Coordinator improvements

wolfgang.welz · December 1, 2019, 6:23pm

The most imminent bottleneck in the current coordinator implementation seems to be the TSA and in particular the milestone selection. In this topic we will discuss potential issues and improvements.

Status quo

In Compass, the coordinator uses the same TSA as any IRI node to select the MS.
One MS is issued about every minute.
If the TSA does not return a tip within the given time limit (60s), the new MS will directly approve the last MS. (This effectively renders the network useless in high TPS scenarios.)

Objectives

Any good MS selection should meet the following criteria:

Maximize CTPS (confirmed transactions per MS), even during attacks
Computationally efficient, even in high TPS scenarios

Attack vectors

Double spends are no issue as the Coordinator guarantees security and finality. An attacker can however try to reduce the CTPS of the network or try to increase the chance that the coordinator selects his transactions:

Parasite Chain
Creating a structure with many transactions but no references of honest transactions, in such a way that the probability that a tip in that structure is selected is maximized. This attack reduces the number of confirmed honest transactions.
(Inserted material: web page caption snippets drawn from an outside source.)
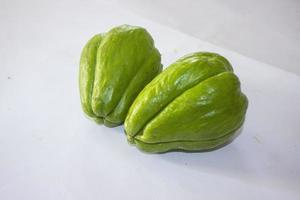 labu Siam, jipang of chayote geïsoleerd Aan wit achtergrond. biologisch groente concept foto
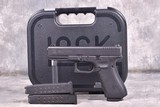 Glock G22Gen 4 .40 S&W - 1 of 3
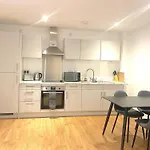 Modern Townhouse Close To 02 Excel 5Mins To Tube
Conflict%20White%20Flag-Parasite%20Chain1119×539 38.1 KB
Blowball
Spamming lazy transactions not confirming any honest transactions, i.e. only confirming the entry point of the MS selection. This attack reduces the overall CTPS of the system.

Conflict%20White%20Flag-Blowball1119×639 49.3 KB
Splitting
Issuing conflicts/re-attachments shortly after the last MS to split the network (see Conflict Spamming Attack). This is a dangerous attack, since many honest transactions can be invalidated with just two (or very few) conflicts.
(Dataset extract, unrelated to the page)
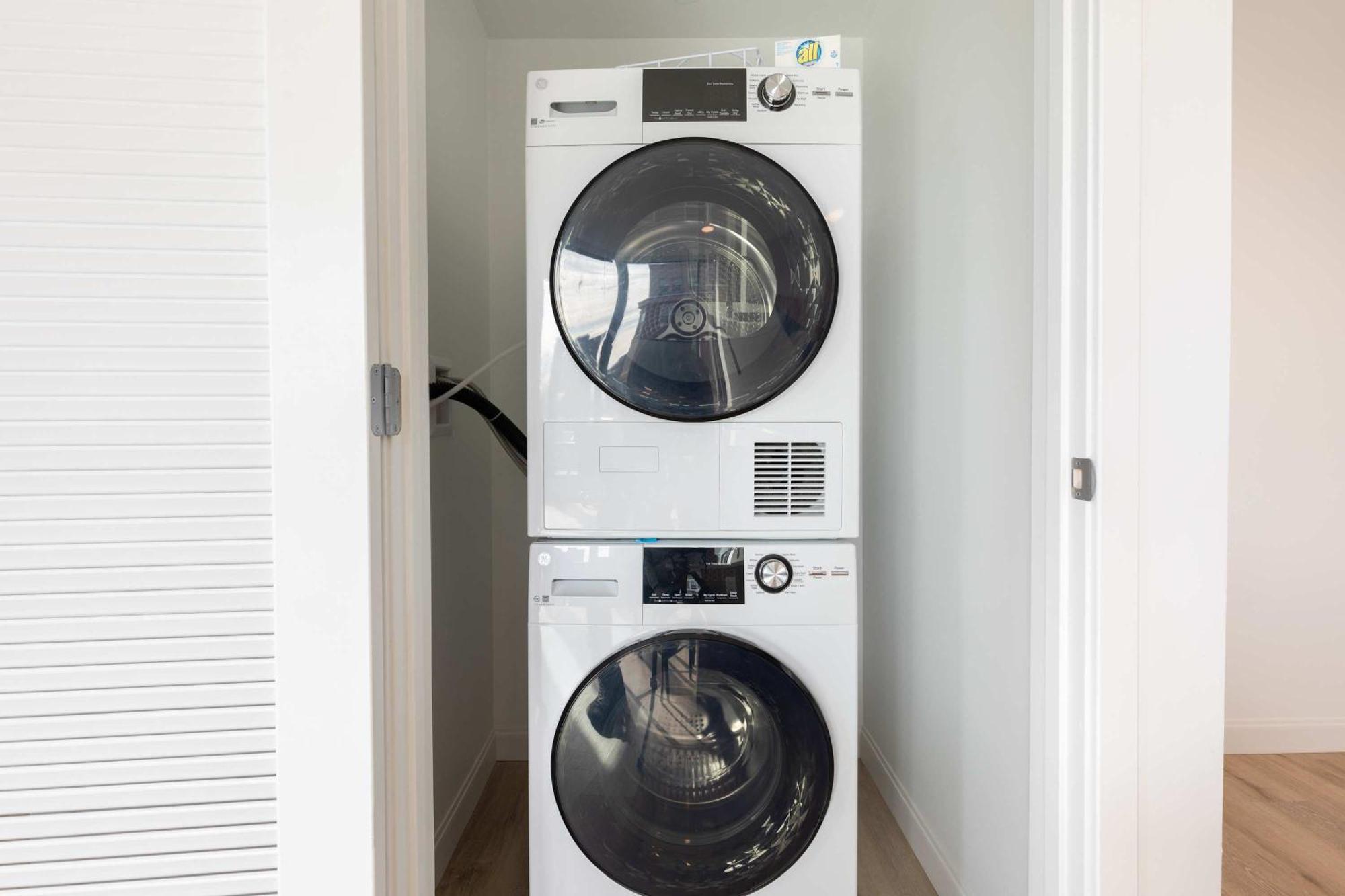 Private With Kitchen & Gym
Conflict%20White%20Flag-Conflict%20Spamming1059×524 40.5 KB
Bootstrapping
When snapshots are used, an attacker could distribute a faked snapshot file with invalid balances. Especially in the case where conflicts stay in the Tangle, this would be very hard to detect for the affected user.

Solutions

Key observation: The milestone selection has different objectives and restrictions than the regular TSA. Thus, it makes a lot of sense to use an optimized and specialized algorithm for it.

Parasite Chain
Run the MS selection more often (for example every 10s). The resulting tip is not published, but kept hidden as a checkpoint, that is only used as a starting point of the next MS selection.
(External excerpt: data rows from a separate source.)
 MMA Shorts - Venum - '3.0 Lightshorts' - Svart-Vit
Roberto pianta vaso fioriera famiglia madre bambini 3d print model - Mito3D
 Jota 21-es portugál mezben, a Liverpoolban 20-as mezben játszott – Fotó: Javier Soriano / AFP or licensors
Conflict%20White%20Flag-Hidden%20Checkpoints1089×508 34.5 KB

Any parasite chain that was not present during the creation of a checkpoint will never be selected. Parasite structures published already earlier can be referenced by honest nodes and do not pose an attack vector. Performing the CP selection in shorter intervals also has computational advantages as the set of transactions on which the selection is run will be much smaller.
In order to avoid getting stuck in “local minima”, multiple CP alternatives can be computed in each step. The final MS can then be selected from all CP alternatives of the last step.
Blowball
The MS selection strategy must try to maximize the CTPS even in case of blowballs. The optimum here is to select the heaviest branch, i.e. the tip (or pair of tips) that reference the most transactions since the last MS.

Conflict%20White%20Flag-Heaviest%20Branch1099×579 44 KB

Finding the heaviest tip is similar to computing the cumulative weight, but it propagates forward instead of backward which makes it algorithmically a bit nicer: For each incoming transaction, the set of referenced transactions is computed by forming the union of the sets of its directly referenced transactions.
For heuristic algorithm to find the heaviest pair, see also Heavist Branch Selection.
Splitting
Keep conflicts in the Tangle: Use milestones to order previous transactions and ignore everything but the first conflict. The MSA is still relevant to prevent other attack vectors, but it can be greatly simplified as validity checks are no longer necessary. However, it represents a backward compatible breaking change in the way the balances are computed. See Conflict White Flag.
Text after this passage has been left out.